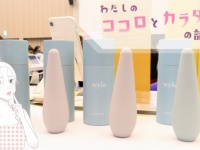 知っておいて損はない。「Femtech Fes! 2022」で考える、快適に過ごす選択肢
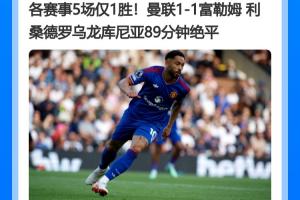 西瓜看球 202609210134062852_thumb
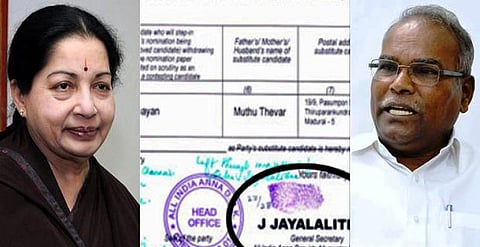 திருப்பரங்குன்றம் இடைத்தேர்தல்: போலியான கைரேகைக்கு பொறுப்பானவர்கள் மீது விசாரணை வேண்டும்- மார்க்சிஸ்ட் வலியுறுத்தல்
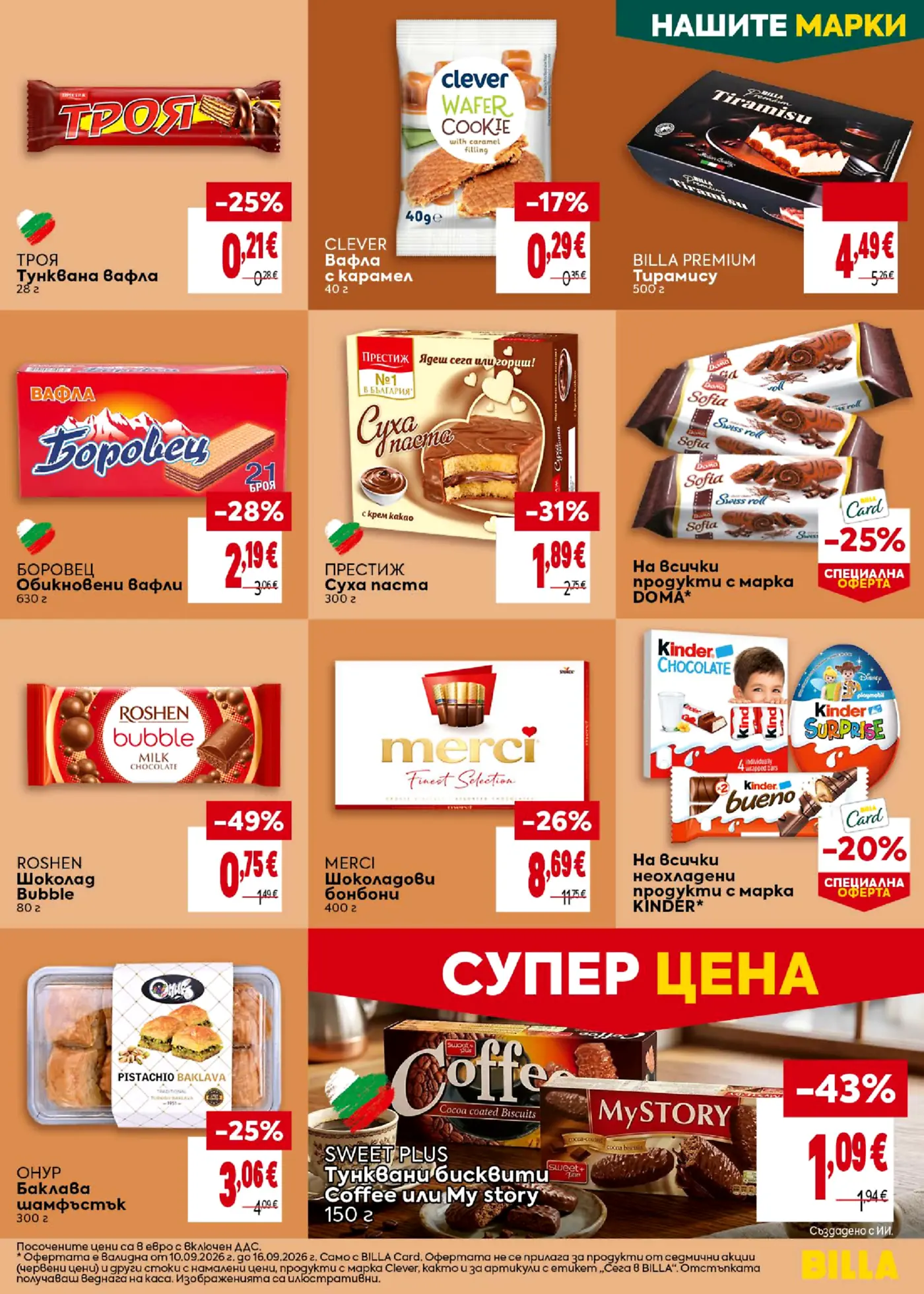 Страница от промоционална брошура на Billa с десерти, вафли и шоколадови изделия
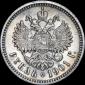   year на аукционе . Цена 5000 USD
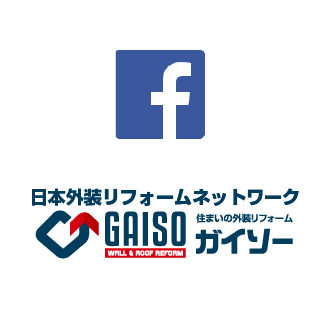 ガイソーFacebook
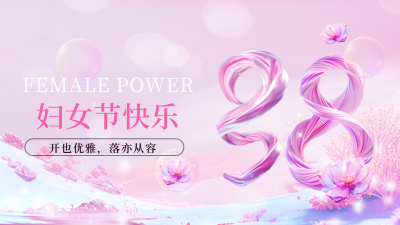 38妇女节3D数字渐变祝福宣传横屏海报 模板ID：759472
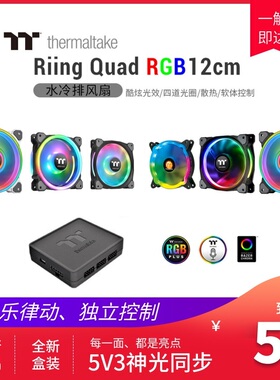 Tt Riing Quad TRIO12 14ARGB机箱水冷风扇神光同步thermaltake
+ + + + +
> Exercise brief:
Your copy of the entries must be exact and must not include any of their pictures.

> Written response:
 知っておいて損はない。「Femtech Fes! 2022」で考える、快適に過ごす選択肢
 西瓜看球 202609210134062852_thumb
 திருப்பரங்குன்றம் இடைத்தேர்தல்: போலியான கைரேகைக்கு பொறுப்பானவர்கள் மீது விசாரணை வேண்டும்- மார்க்சிஸ்ட் வலியுறுத்தல்
 Страница от промоционална брошура на Billa с десерти, вафли и шоколадови изделия
   year на аукционе . Цена 5000 USD
 ガイソーFacebook
 38妇女节3D数字渐变祝福宣传横屏海报 模板ID：759472
 Tt Riing Quad TRIO12 14ARGB机箱水冷风扇神光同步thermaltake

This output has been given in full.